Spécialiste de la télématique, Suivideflotte.net développe des solutions de maintenance prédictive. Parallèlement à l’obtention d’informations fiables et précises sur l’utilisation des véhicules, ses technologies permettent d’anticiper les révisions. Comme le conducteur, le gestionnaire de flotte est alerté régulièrement sur les échéances prévues par le constructeur. Grâce à cette fonctionnalité, le plan d’entretien est respecté avec davantage de rigueur. Suivideflotte.net est également capable de contrôler à distance l’état des pièces d’usure, le niveau des fluides et, par exemple, le degré d’encrassement du pot catalytique, et d’alerter le gestionnaire de flotte en temps réel.
Autre tendance, de plus en plus de centres autos proposent à leurs clients de se déplacer sur site pour réaliser un audit de leurs flottes. Après une expérience auprès des parcs des poids lourds, Euromaster vient de lancer une offre équivalente pour les véhicules légers. Le conseiller technique réalise un examen visuel des pneus, du pare-brise, des balais d’essuie-glace et des équipements visibles et préconise les travaux nécessaires. « Lors d’une visite sur un parc de 100 véhicules, le technicien détecte des anomalies sur 25 d’entre eux, affirme Jean-Michel Fauron, directeur commercial. Pour les flottes de véhicules industriels sur lesquelles nous intervenons en prédictif depuis vingt-cinq ans, le nombre de dépannages diminue de 30 % et leur coût baisse d’un tiers. »

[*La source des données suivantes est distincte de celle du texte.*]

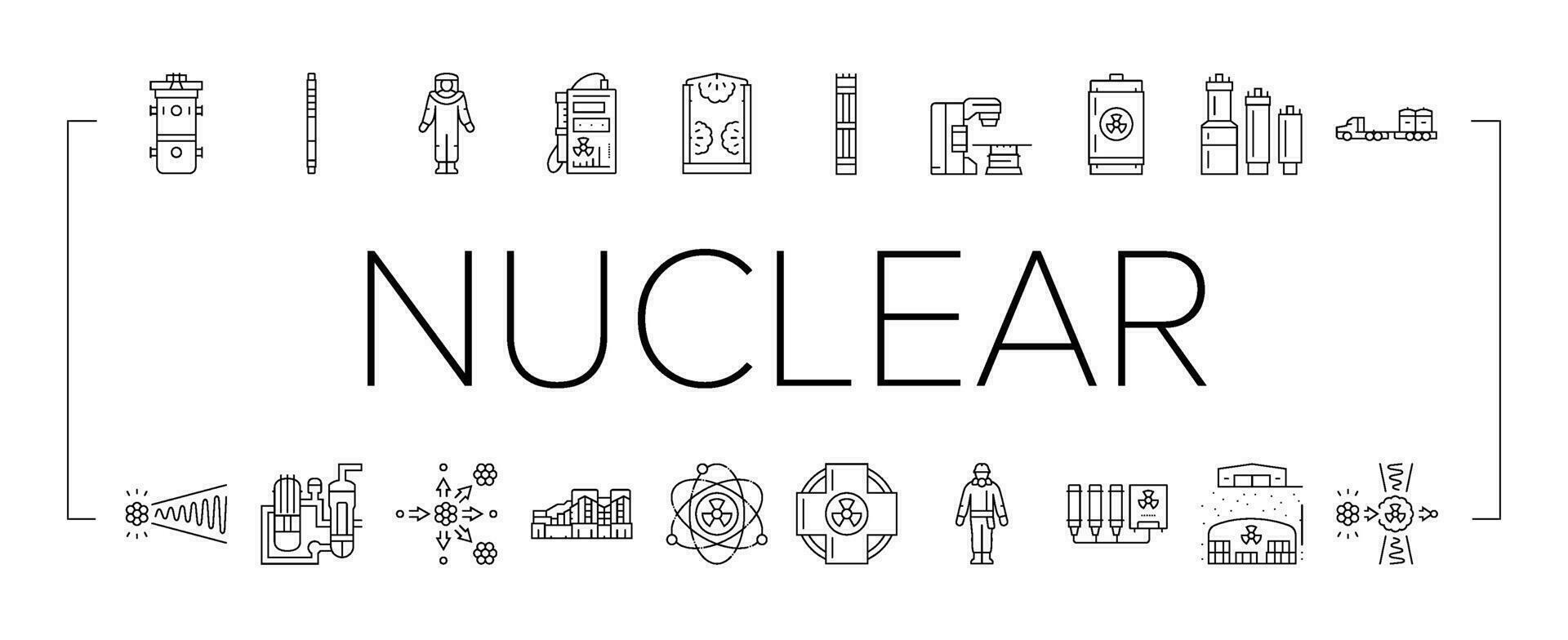 nuclear engineer energy power icons set vector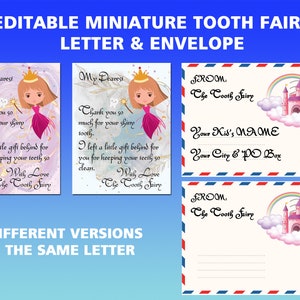 Imprimibles editables de cartas y sobres del Hada de los Dientes en miniatura / Versiones en rosa o azul / Nota de agradecimiento personalizada / Descarga instantánea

Des coûts d’entretien importants
Les solutions proposées reposent sur le principe bien connu en médecine : mieux vaut prévenir que guérir. Surveiller l’état de fonctionnement des véhicules permet d’anticiper les pannes, les casses et les accidents. D’où une maîtrise renforcée des coûts et une sécurité préservée pour les conducteurs.
Dans le cadre de l’une de ses études publiées en 2018, l’Observatoire du véhicule d’entreprise (OVE) estime à 20,7 % la part de l’entretien, des pneumatiques et de l’assurance dans le coût total d’utilisation d’une automobile. Troisième poste de dépense derrière la dépréciation et les charges fiscales et sociales, ce budget est resté stable en 2018. S’il représente un cinquième du budget automobile, ce poste influe également sur les consommations de carburant. Un véhicule mal entretenu et aux pneus sous-gonflés devra passer plus souvent à la pompe. Enfin, un dysfonctionnement ignoré peut provoquer un accident grave avec des coûts humains souvent lourds et un risque de désorganisation important pour l’un des services d’une grande entreprise ou pour l’ensemble d’une PME ou d’une TPE.
Autre élément d’appréciation, Carméléon, un spécialiste de la réparation rapide, vient d’introduire la notion de Total Cost of Repair (TCR) ou coût total de réparation. Au coût direct, le montant des réparations, il faut ajouter des coûts cachés (convoyage jusqu’au garage, taxi, véhicule de remplacement, etc.). Ces derniers représenteraient de 10 % à 25 % du TCR. Une raison de plus pour éviter les réparations par la mise en place d’une maintenance prédictive.
Prochaine étape, les informations collectées dans le véhicule pourront être transmises directement aux ateliers. Non seulement la prise de rendez-vous avec le garage se fera automatiquement mais le mécanicien disposera des informations en amont pour commander les pièces et ainsi immobiliser le véhicule le moins longtemps possible. Un véritable Graal pour les gestionnaires de flottes et leurs prestataires.